At risk to their own health, millions of Americans have taken to the streets calling for racial justice and comprehensive reforms to our law enforcement system. The Department of Justice and the Civil Rights Division can be part of the solution. The Division has a history of making significant efforts to address bias and abuse in policing, with two dozen consent decrees and other agreements in the past decade that establish best practices for policing our communities.
It is unconscionable that the Department's response to the killing of George Floyd and widespread reports of disproportionate use of force against demonstrators across the country has made no mention of the need for systemic reform nor raised any concerns about police violence against protesters. Worse, the Department's own response to the demonstrations here in Washington, D.C., violate the standards that the Civil Rights Division has established for local police departments.
Those standards, established in consent decrees with police departments across the country, include the requirement of law enforcement officers to be properly and clearly identified to the public, training for police officers prior to being deployed at public demonstrations, and policing practices consistent with the First Amendment. Yet, inexplicably the Attorney General deployed unidentified officers and brought in personnel from the Bureau of Prisons who apparently have no training or experience with public demonstrations. This was a moment for the Community Relations Service to work with communities across the country to deescalate and the Civil Rights Division to demonstrate that the American people will seek justice for George Floyd and all those that have faced similar circumstances.

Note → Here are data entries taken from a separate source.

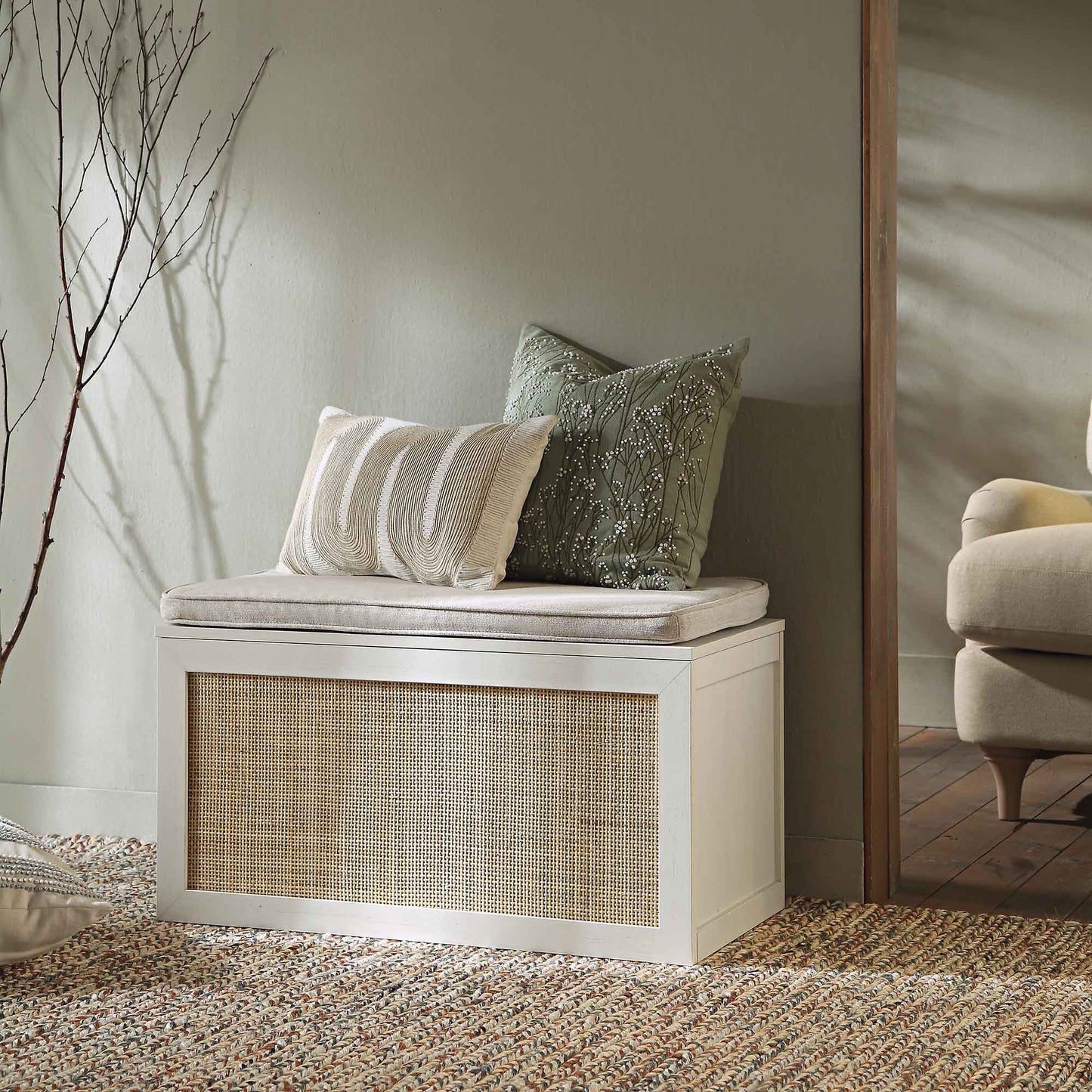 Tabouret de rangement double en rotin tressé Frances avec coussin, blanc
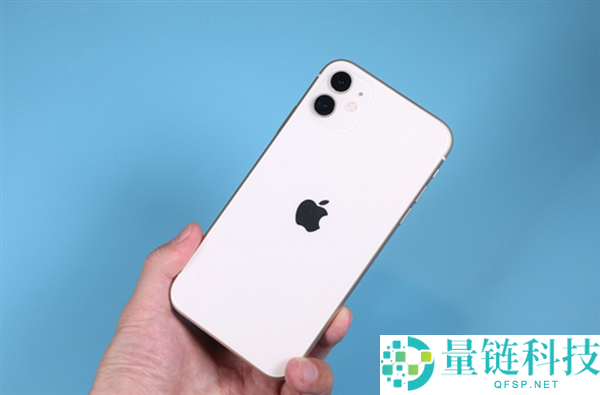iPhone 4 回收价狂跌 20 倍仅值 20 元：二手报废机价格大跳水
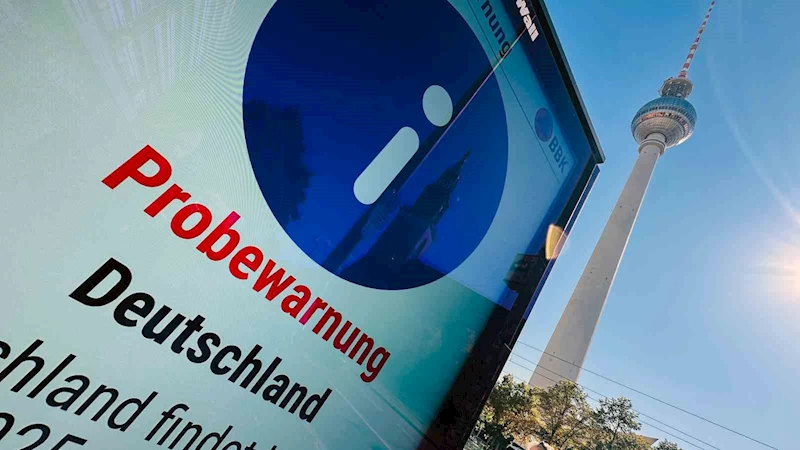 Almanya’da acil durum tatbikatı: Uyarı sirenleri çaldı, cep telefonlarına mesaj gönderildi
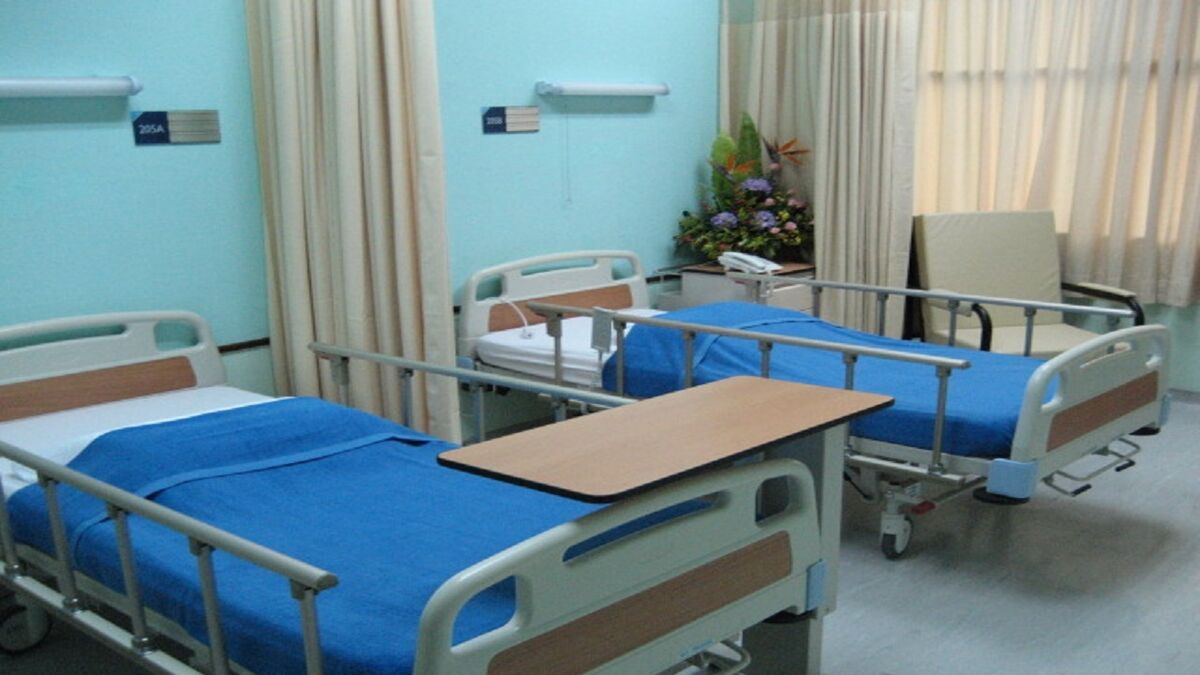 راه اندازی ۶۰ هزار تخت بیمارستانی در کشور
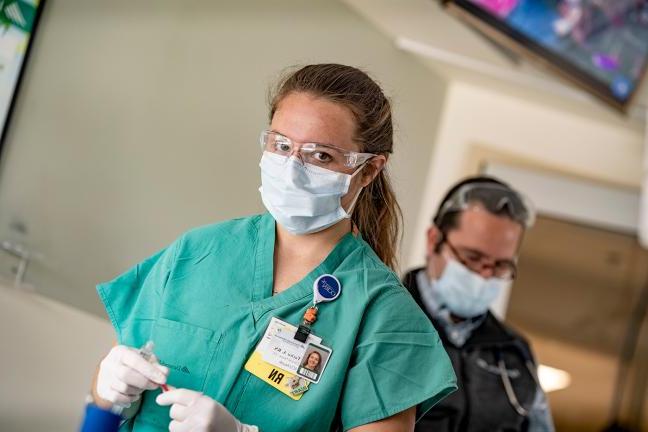 戴着外科口罩的护士在DHMC和十大博彩推荐排名希区柯克诊所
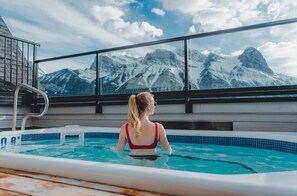 Outdoor spa tub - Basecamp Resorts Canmore (Canmore)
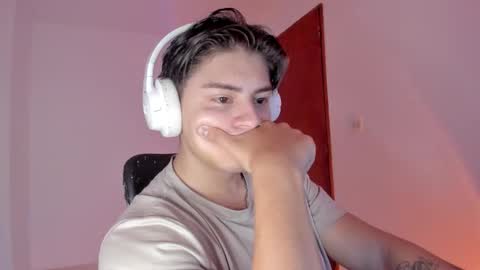 Snapshot of gio_russo chatting on January 17, 2026, 3:28 pm GioRusso online show from January 17, 2026, 3:28 pm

Instead, the Attorney General personally directed that individuals--including children and clergy--peacefully exercising their fundamental right to assemble and protest, be forcibly removed, without warning, in advance of the President's photo-op.

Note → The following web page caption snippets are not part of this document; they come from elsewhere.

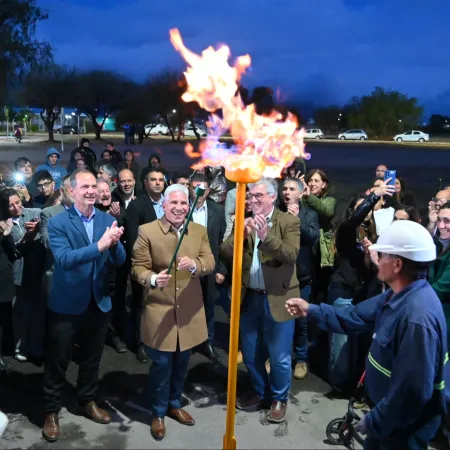 El plan “Chau Garrafa” llega a La Punta: Poggi inauguró una red de gas de $4.800 millones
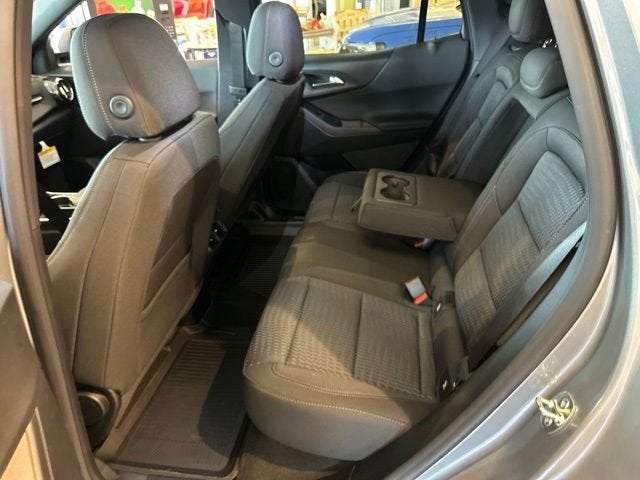 2027 Chevrolet Equinox LT - Photo 8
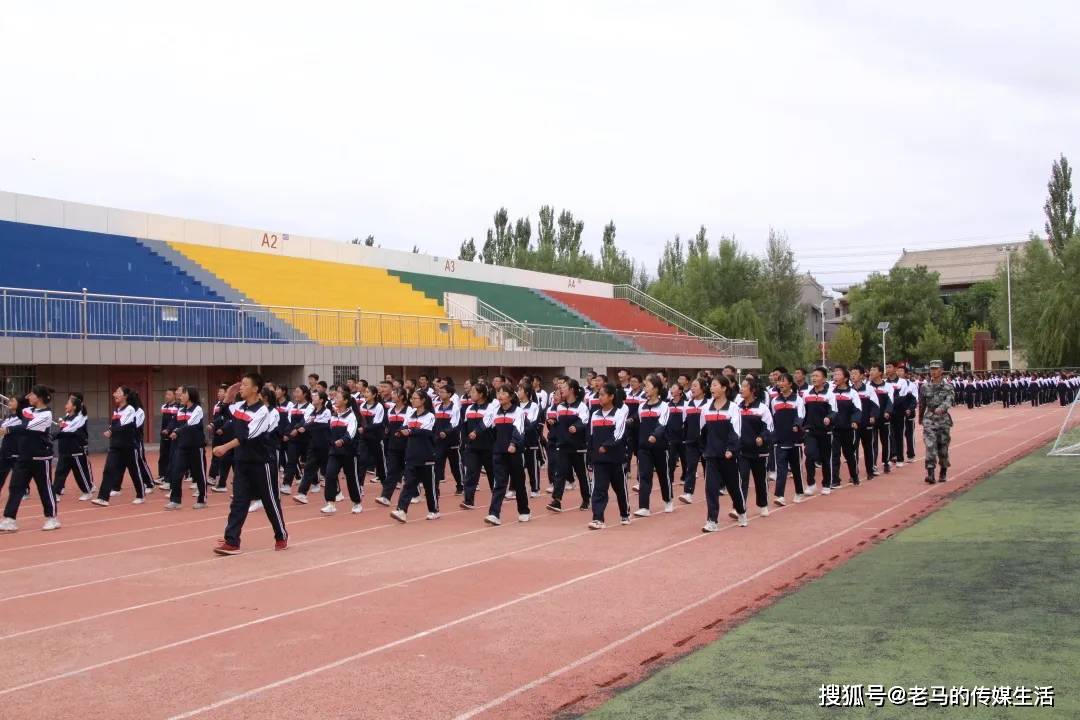 沙场秋点兵,少年展风华——靖远四中举行2021级高一军训会操表演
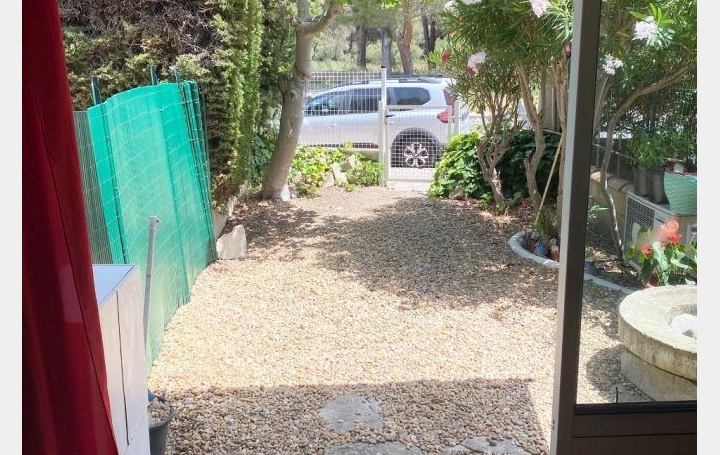 Studio LE GRAU-DU-ROI (30240)  27 m2 220 € 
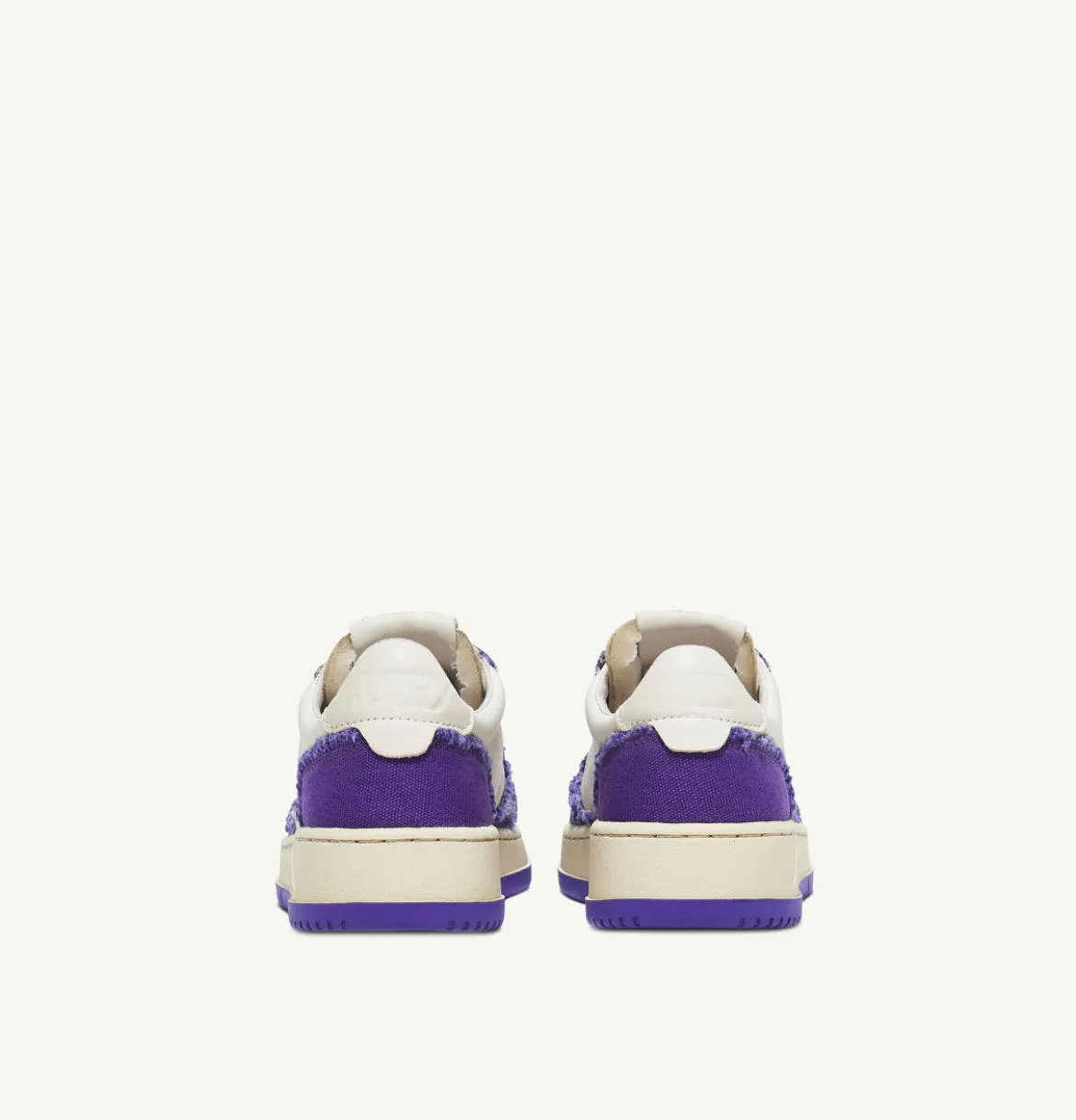 Autry Action Shoes Sneaker Medalist Low Women Canvas white violet AULWCB07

We urge the leadership of the Department and Division to reverse course and adopt major reforms to the Department and the Division. One place to start would be to resume pattern and practice police abuse investigations and enforcement actions. During the Trump administration, there has not been a single DOJ consent decree with a police department. Restarting pattern and practice abuse investigations would be important for three reasons:
-First, it would demonstrate to the American people that the Department and Division's leadership understands that George Floyd's murder is one of countless examples of the systemic racial injustices that corrode our law enforcement system, in which black Americans are disproportionately more likely to be killed at the hands of law enforcement than white Americans.

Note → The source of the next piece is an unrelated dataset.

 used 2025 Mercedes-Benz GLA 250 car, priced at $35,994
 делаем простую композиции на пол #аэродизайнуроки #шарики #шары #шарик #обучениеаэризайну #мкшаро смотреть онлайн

-Second, it would demonstrate that the federal government will live up to its promises in the Civil War Amendments to the Constitution. Even when states may fail, the federal government will ensure the rights, due process, and equality of all Americans.
-Third and most importantly, these cases can prevent further loss of life. A common outcome is a settlement with a consent decree that requires agencies to reform their practices, just as with the Ferguson, Missouri consent decree. Research has demonstrated that consent decrees, alongside court appointed monitoring, can reduce the number of police-related killings, which is the most basic goal.
We have deep respect for the Department and the public servants who have dedicated themselves and their careers to justice. We do not believe the agency's recent actions reflect the sincere commitment of so many of the Department's career staff, especially the Civil Rights Division, to defending the rights of all Americans and ending abuse by police, nor should they reflect the political leadership's aspirations for the Department and Division. The Attorney General's actions dishonor the history of these institutions and their dedicated public servants who continue to seek to enforce the law during times of increasing politicization amidst unprecedented challenges.
Within its ranks, the Department of Justice has deep expertise in how to protect the civil rights of all Americans and enforce the Constitution. The Department leadership must not stand in the way of those employees dedicated to upholding the law and the Constitution.